DINNER WITH BOB NOT GREAT

25 March 2008 - 02:00
By unknown

Book: Dinner with Mugabe

Book: Dinner with Mugabe

Author: Heidi Holland

Publisher: Penguin

Reviewer: Don Makatile

Those whom the gods want to destroy, so the hackneyed phrase goes, they first make mad.

But no one warned that the gods were not normally in a rush to do so, waiting, in this instance, a whole 84 years.

As if to lend credence to the wisdom of the adage, the world has, almost by natural progression, started referring to Robert Gabriel Mugabe affectionately as Mad Bob.

The belligerence in his speech has become as blunt as the consonants and the vowels that make up language. This, after all, is the same man, holder of no less than seven university degrees, who is on record as having boasted that he has a degree in violence!

Just this week he was quoted as sending a spine-tingling message to his opponents in the March 29 polls, Simba Makoni and Morgan Tsvangirai. "That will never happen here, never, never. We will never allow it. We have enough security forces to handle that."

The Zimbabwean president was warning his adversaries against Kenya-style post-election violence.

In the area of violence, all the others outside the ruling party have done, Tsvangirai included, is limp bruised and battered out of hospitals or jail cells after an encounter with Mugabe's men.

This, Holland's take, was meant to be something fresh regarding the mad persona of Mugabe - a psychological viewpoint.

But the jury is still out on whether or not Holland succeeds at this attempt as she's anything but a shrink.

She's done a lot of good work on Southern African issues in her previous books, notably her book on the ANC, published in the week Nelson Mandela was released from prison, and the racially motivated Van Schoor family murders.

Her choice of subjects are mouth-watering, at least for any writer wishing to find out more about the idiosyncracies that make up Mugabe, freedom fighter turned lunatic.

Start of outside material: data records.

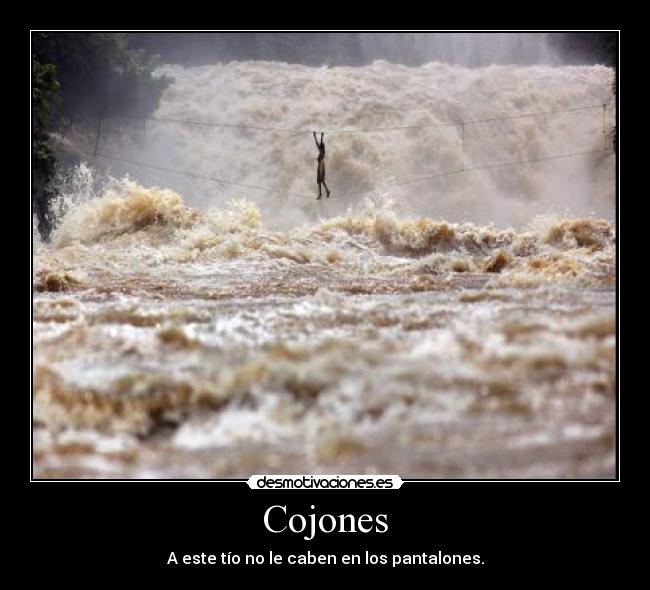 Cojones - 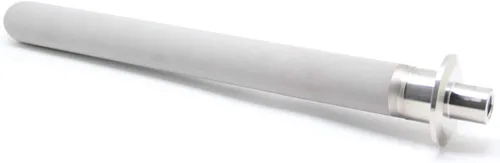 Vista 11 de QiiMii Piedra de difusión de tres abrazaderas de acero inoxidable de 1.5 pulgadas, aireación de 2 micrones, carbonatación con entrada de CO2 NPT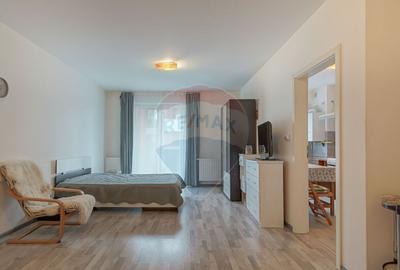Garsoniera spa?ioasa cu priveli?te Avantgarden etaj i...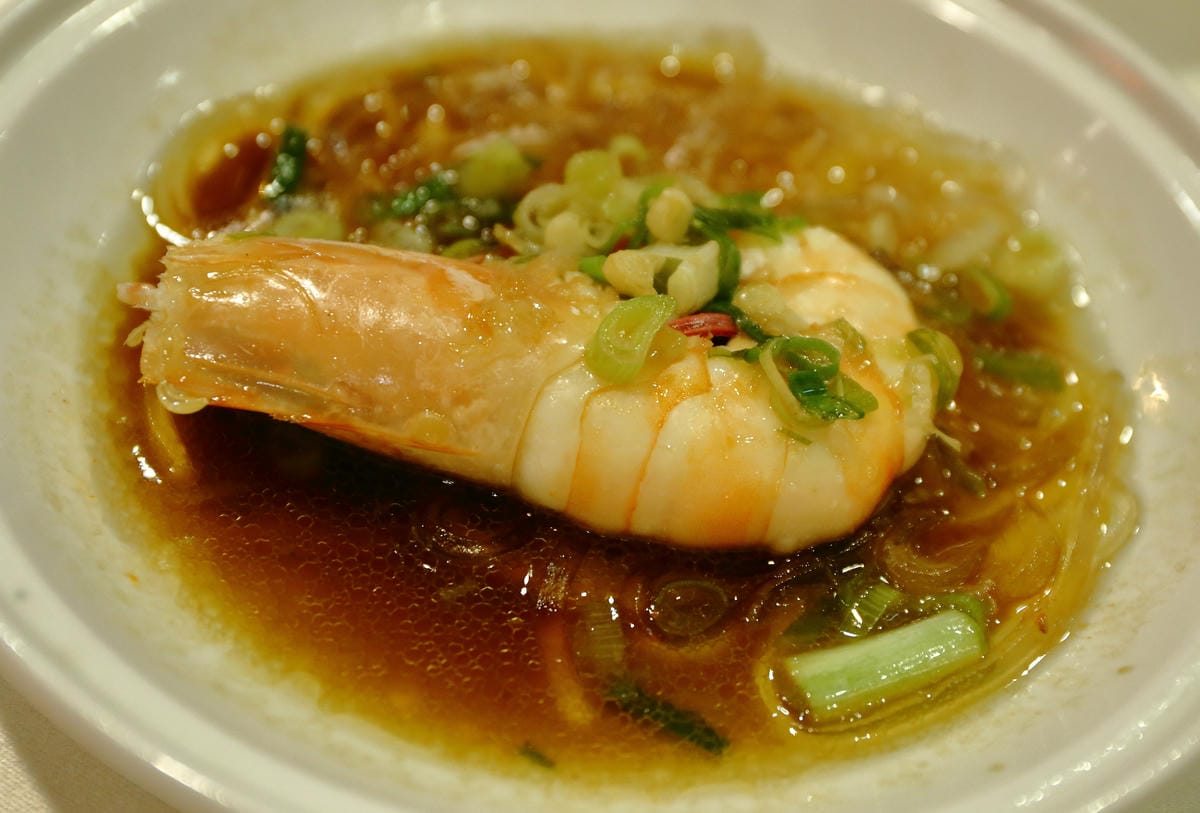 【食║台北】春申食府～婚宴會館除了合菜、特色小吃，個人精緻套餐果然精緻滿意！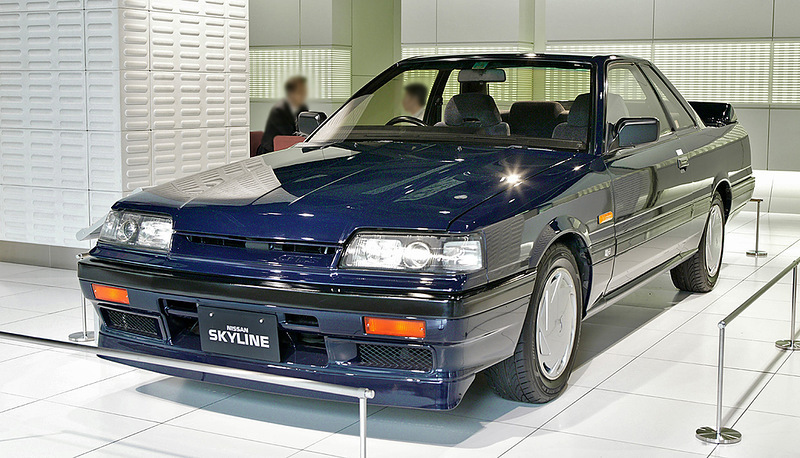 История легендарного автомобиля - Nissan Skyline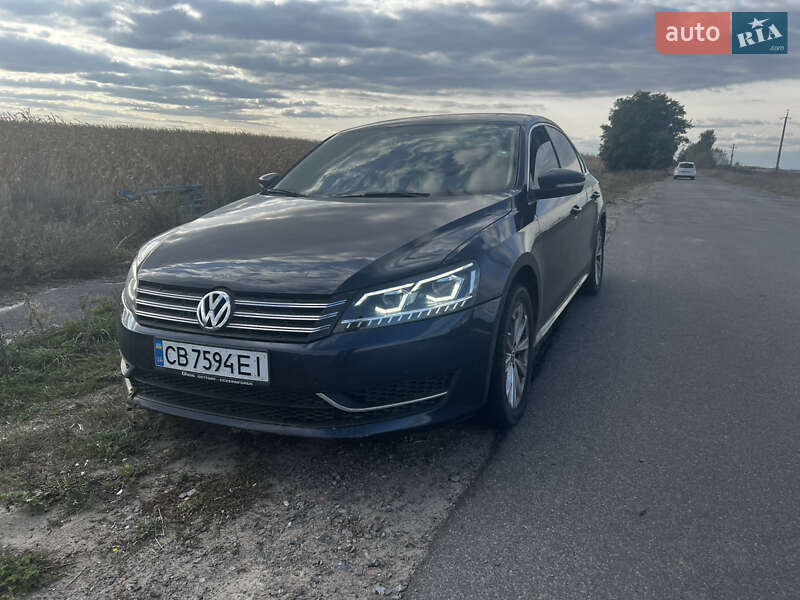 Седан Volkswagen Passat 2012 в Чернигове фото Седан Volkswagen Passat 2012 в Чернигове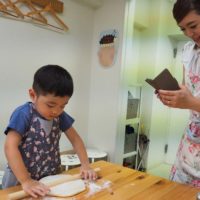 4歳のお誕生日のプレゼントに 手打ちうどん作り体験教室 2019年7月 20190730-3.jpg – イリコスキー製麺所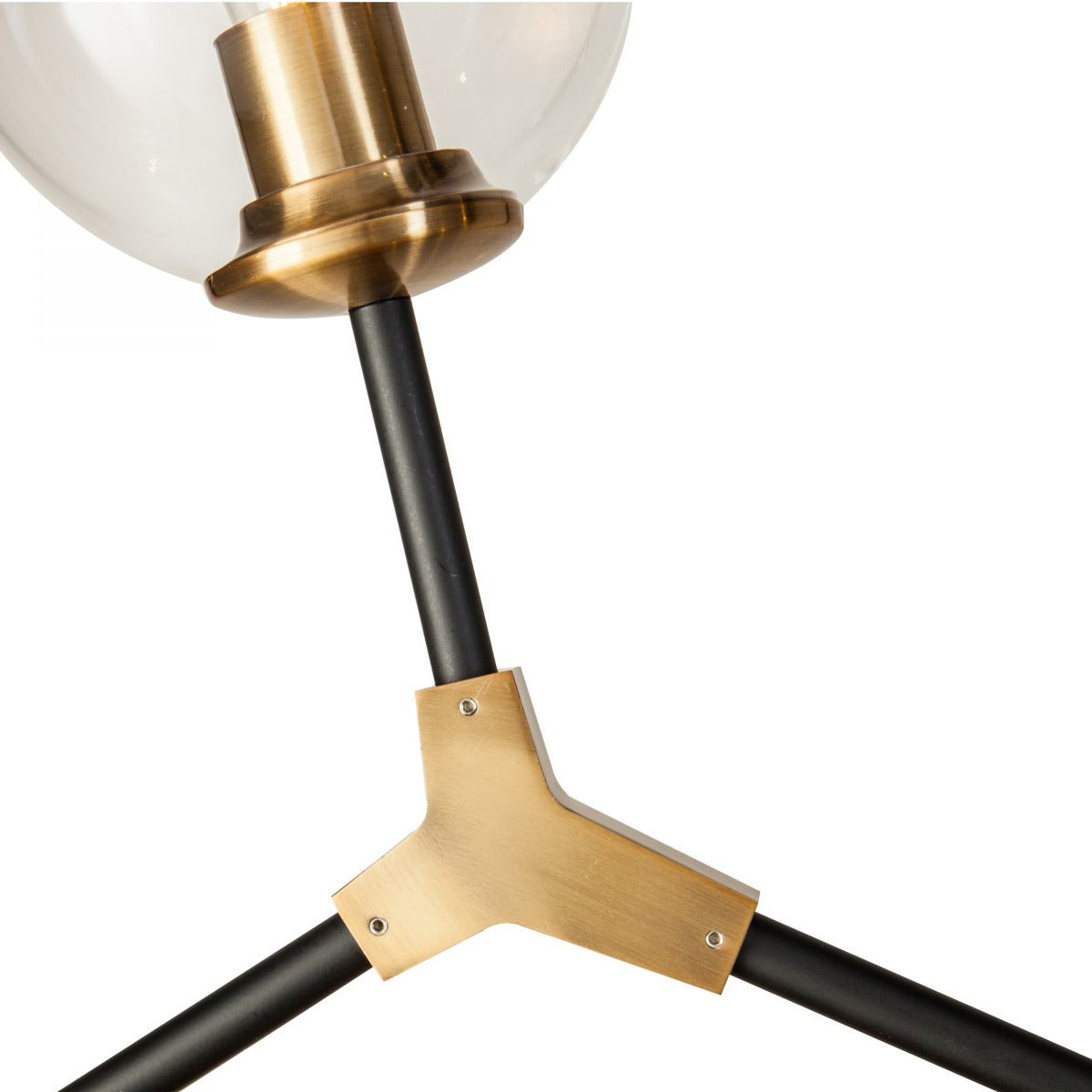 Orbital Pendant Lamp - Bronze and Black Finish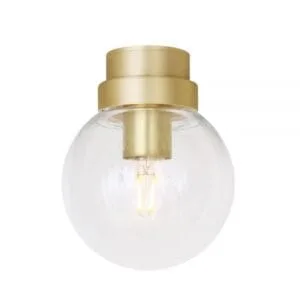 Jordan Bathroom Globe Ceiling Light IP65 Bathroom Ceiling Lights Great Lighting UK Ltd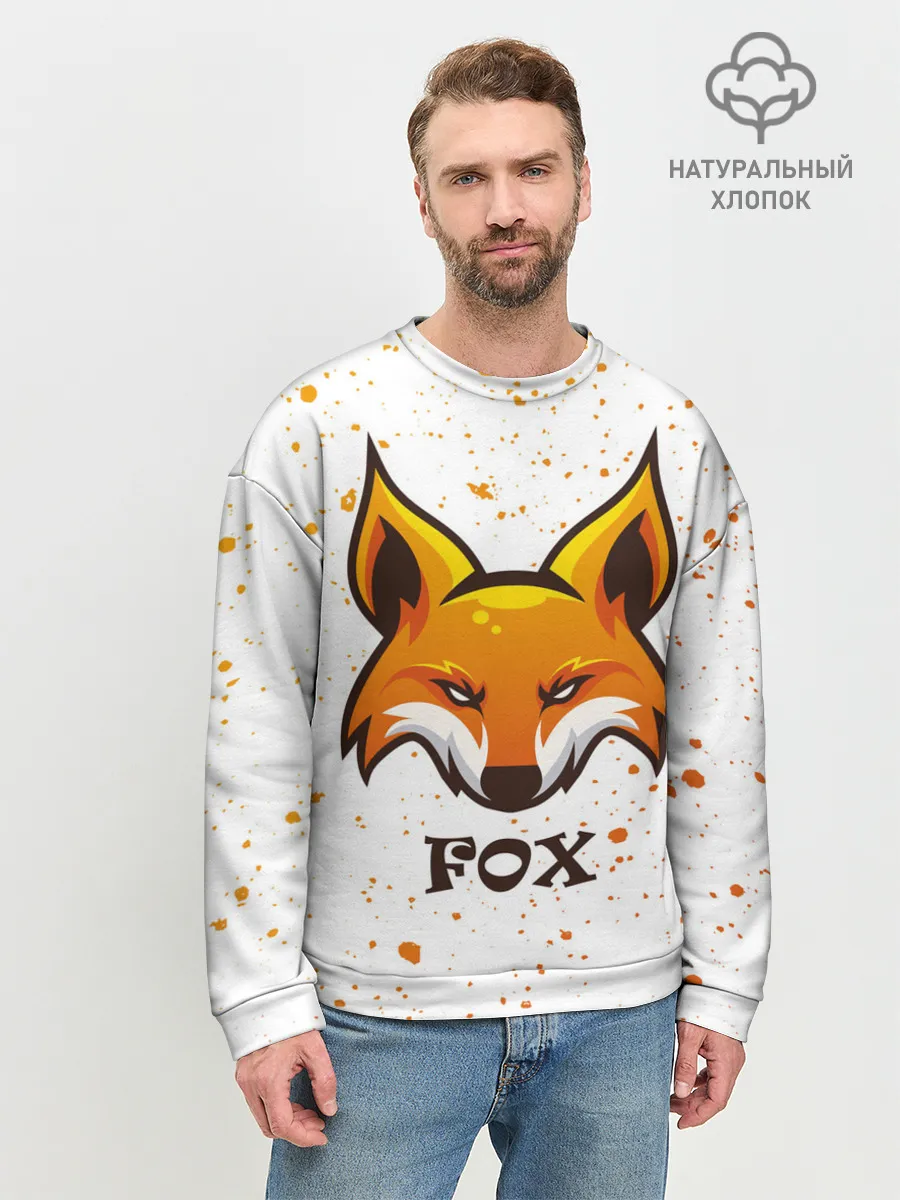 Мужской свитшот базовый / FOX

She opens her account with a cumbersome interview with Robert Mugabe's only surviving brother, Donato Mugabe, before his own death. Other than the pedestrian, she doesn't get much from the awkward Donato and his equally boorish wife, Evelyn, and concludes that "their coldness towards me is understandable".

But try she did!

An interview with Sabina, the president's nutcase sister, would have made for Pulitzer Prize-winning reading.

She speaks to many other people, authors on Mugabe and Zimbabwe have tended to exclude from their works, and this is what makes her book a notch better - people like Mary Soames, widow of Lord Soames, the last governor of Rhodesia.

She ends her commendable work with an interview with the ogre himself, Mugabe, in his lair. Her jitters and Mugabe's bad interviewee manners lose her the chance for a great book.

The line of questioning was great: "Are you a forgiving person?"

Only she came up against someone the gods had marked for a gradual but definite demise.